Dan di Valencia, Gary Neville melakukan sebuah keputusan paling berani sekaligus paling komikal di hidupnya.
***
“If I’d have turned down this job, I could have said goodbye to credibility in football because it’s a massive club and I’m honoured and proud to be here.”
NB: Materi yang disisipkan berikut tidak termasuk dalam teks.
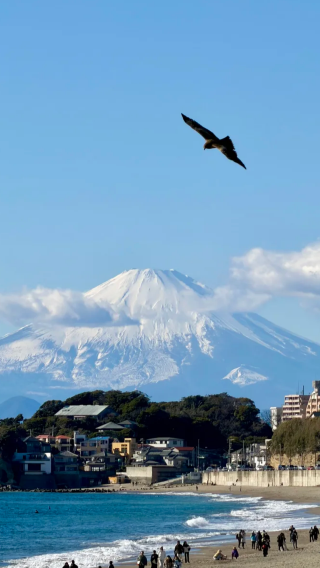 10D9N • Tokyo, Mt. Fuji, Osaka & Kyoto Small Group Tour | No Shopping, Free JR Shinkansen, 2D Tokyo & 3D Osaka Free Time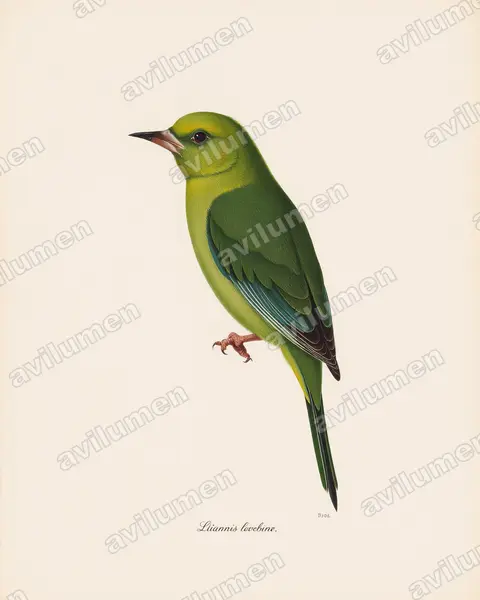 尼亞薩情侶鸚鵡（Agapornis lilianae）的古典图版插画
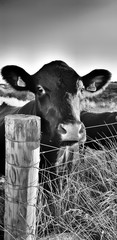 cows in field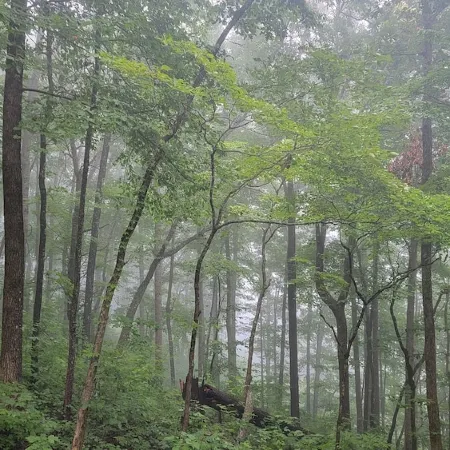 Get back to nature! Unique cabin in the mountains 15 minutes from Asheville N.C.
Kalimat di atas adalah petikan kata-kata Gary Neville usai ditunjuk sebagai pelatih Valencia. Kata-kata ini terdengar keren, bagi beberapa publik Inggris, tapi bagi kamu awam pada umumnya, banyak tendesi di dalam kalimat-kalimat itu. Salah satunya, gengsi terlampau tinggi Neville tentang kredibilitasnya di sepak bola.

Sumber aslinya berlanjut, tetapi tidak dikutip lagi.